На ходу А. П. по временам вынимал из бокового кармана коробочку, в которую откашливался. Я понял, что это, и стал опасаться, что ночная прогулка вряд ли ему в пользу. Но Чехов на мой вопрос – не пора ли ему домой, предложил еще пройтись и заговорил о том, что приедет зимой в Петербург на более продолжительный срок. «Теперь я только на рекогносцировке, – пошутил он. – А Ялта страшно надоела». Заговорил он о Толстом, о Короленко, о Куприне. «Я очень люблю Короленко, – сказал А. П., – и досадую, что Толстой не может освободиться от предубеждения. Вы знаете – это все по поводу недосмотра о луне в Пасхальную ночь… Сущий пустяк, а старик обобщает. Но теперь уже начинает сдаваться. Особенно после „У казаков“: чудесная вещь, особенно сцена в трактире „Плевна“. Вы ведь помните?{3} – А. И. Куприн очень талантлив – этого Лев Николаевич сразу воспринял.[16] Я хорошо его знаю.[17] Одно с ним трудно – слишком мнителен, не знаешь за что – вдруг обидится…» «Ну и что же?» – спросил я. «Нельзя, чтобы человек обижался, – взволнованно заговорил Антон Павлович. – Себя упрекаешь – не сказал ли чего ненужного, не задел ли чем нечаянно, – сложный он, наболевший… Ну, так зимою мы с вами еще увидимся, а завтра я уезжаю. Вернусь, непременно вернусь, и тогда вдоволь потолкуем, а пока до свиданья».

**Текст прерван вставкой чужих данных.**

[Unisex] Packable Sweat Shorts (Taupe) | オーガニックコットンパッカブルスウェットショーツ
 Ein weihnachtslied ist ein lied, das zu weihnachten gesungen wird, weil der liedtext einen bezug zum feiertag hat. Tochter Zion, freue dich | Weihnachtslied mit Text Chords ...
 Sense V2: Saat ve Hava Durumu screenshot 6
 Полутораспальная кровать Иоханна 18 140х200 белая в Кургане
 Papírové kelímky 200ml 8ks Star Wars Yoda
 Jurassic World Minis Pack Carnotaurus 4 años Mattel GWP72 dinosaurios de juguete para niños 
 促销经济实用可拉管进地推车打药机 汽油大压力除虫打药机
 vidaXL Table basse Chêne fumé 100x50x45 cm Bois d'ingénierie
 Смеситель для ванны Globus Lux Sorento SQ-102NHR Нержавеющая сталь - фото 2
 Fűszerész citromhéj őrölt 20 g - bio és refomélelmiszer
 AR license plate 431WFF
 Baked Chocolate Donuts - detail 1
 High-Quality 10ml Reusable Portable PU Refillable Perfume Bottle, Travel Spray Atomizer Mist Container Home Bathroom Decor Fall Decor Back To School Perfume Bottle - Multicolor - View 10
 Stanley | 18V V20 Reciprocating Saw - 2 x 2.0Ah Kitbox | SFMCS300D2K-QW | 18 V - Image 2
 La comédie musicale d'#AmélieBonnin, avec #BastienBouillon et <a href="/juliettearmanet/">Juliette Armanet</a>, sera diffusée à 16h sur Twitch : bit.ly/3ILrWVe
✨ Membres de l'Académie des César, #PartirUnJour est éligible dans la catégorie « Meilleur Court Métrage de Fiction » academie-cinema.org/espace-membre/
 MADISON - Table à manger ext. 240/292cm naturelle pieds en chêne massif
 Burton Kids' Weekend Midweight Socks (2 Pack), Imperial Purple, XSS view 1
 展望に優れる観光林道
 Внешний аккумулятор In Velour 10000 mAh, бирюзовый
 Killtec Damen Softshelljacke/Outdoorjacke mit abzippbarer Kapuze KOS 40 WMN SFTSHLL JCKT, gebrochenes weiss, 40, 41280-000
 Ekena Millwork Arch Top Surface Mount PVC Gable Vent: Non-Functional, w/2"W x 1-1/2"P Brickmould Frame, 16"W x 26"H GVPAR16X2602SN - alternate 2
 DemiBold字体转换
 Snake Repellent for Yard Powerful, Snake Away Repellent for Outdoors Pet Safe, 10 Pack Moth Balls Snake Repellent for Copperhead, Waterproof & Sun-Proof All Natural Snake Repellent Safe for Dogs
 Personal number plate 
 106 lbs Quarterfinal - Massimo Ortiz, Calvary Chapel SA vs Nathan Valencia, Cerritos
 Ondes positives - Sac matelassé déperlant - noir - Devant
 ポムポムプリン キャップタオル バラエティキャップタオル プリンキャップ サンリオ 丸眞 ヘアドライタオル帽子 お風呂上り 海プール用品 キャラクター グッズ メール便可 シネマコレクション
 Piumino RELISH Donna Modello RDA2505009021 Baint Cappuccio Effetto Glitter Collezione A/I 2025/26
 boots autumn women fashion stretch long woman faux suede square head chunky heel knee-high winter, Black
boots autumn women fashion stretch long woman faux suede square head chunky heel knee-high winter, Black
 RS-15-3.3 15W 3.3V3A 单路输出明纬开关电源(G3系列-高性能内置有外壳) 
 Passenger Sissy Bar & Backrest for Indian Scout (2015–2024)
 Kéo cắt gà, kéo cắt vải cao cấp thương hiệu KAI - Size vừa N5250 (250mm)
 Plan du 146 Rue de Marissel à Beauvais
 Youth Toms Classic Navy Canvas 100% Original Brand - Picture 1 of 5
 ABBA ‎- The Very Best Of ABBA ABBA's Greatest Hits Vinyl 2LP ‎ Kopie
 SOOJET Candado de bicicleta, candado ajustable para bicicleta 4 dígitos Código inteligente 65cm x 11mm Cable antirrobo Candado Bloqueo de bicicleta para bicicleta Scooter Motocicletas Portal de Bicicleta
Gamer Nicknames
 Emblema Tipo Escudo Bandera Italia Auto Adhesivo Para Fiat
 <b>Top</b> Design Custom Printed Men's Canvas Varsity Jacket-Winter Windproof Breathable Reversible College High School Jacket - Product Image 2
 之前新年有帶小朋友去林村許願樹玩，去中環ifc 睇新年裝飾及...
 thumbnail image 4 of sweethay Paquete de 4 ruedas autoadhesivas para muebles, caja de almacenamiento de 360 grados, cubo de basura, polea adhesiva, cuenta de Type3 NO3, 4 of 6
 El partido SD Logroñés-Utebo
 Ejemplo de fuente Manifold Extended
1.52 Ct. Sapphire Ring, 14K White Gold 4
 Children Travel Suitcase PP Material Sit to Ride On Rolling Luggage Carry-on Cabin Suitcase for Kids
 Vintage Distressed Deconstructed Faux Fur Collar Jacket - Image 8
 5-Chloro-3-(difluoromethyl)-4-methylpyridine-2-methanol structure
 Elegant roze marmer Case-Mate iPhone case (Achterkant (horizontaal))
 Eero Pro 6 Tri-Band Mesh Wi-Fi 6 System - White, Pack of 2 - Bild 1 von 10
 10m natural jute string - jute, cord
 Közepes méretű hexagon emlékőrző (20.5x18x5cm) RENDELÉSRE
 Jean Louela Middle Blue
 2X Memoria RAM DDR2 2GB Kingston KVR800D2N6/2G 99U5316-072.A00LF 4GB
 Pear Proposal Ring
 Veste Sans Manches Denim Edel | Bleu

Но Чехов не вернулся. Последнее письмо, которое я от него получил, датировано 19 января 1904 г. В нем как раз шла речь о первом представлении пьесы, о которой он рассказывал, не называя ее, – о «Вишневом саде». Возражая на «незаконность» устроенного ему юбилея, который по его расчетам мог придтись лишь в 1905 г., Антон Павлович писал мне: «Как бы то ни было, на первом представлении „Вишневого сада“, 17 января, меня чествовали, и так широко, радушно и в сущности так неожиданно, что я до сих пор не могу придти в себя… Если вы приедете на масленице, то это хорошо. Только, как думаю, не раньше масленицы наши актеры придут в себя и будут играть „Вишневый сад“ не так растерянно и неярко, как теперь…»{4}
Но Чехова я больше не видел. Как известно, он вскоре должен был уехать в Баденвейлер.[18] Когда привезли его тело в Петербург, Ольга Леонардовна мне телеграфировала, но меня не было в Петербурге, так что я не попал и на похороны в Москве.[19]
Тихо скончался великий писатель, и его вдова при первом затем свидании осенью сказала мне: «Ведь смерти нет! Он ушел, но где-то жив, жив, я его чувствую, смерти нет». Жив, конечно, в том, что создал и где вечен его дух. Он мне неоднократно вспоминается, как большая, большая тень, которая шла со мной по Невскому поздно ночью, тень, к которой я жадно прислушивался, ловя и запоминая каждое слово, и потом на перекрестке двух улиц она внезапно исчезла. И я все жду ее возвращенья. Но когда мне пришлось увидеть «Вишневый сад», я уже не мог поделиться своими впечатлениями с незабываемым писателем, которого эта пьеса была лебединой песнью.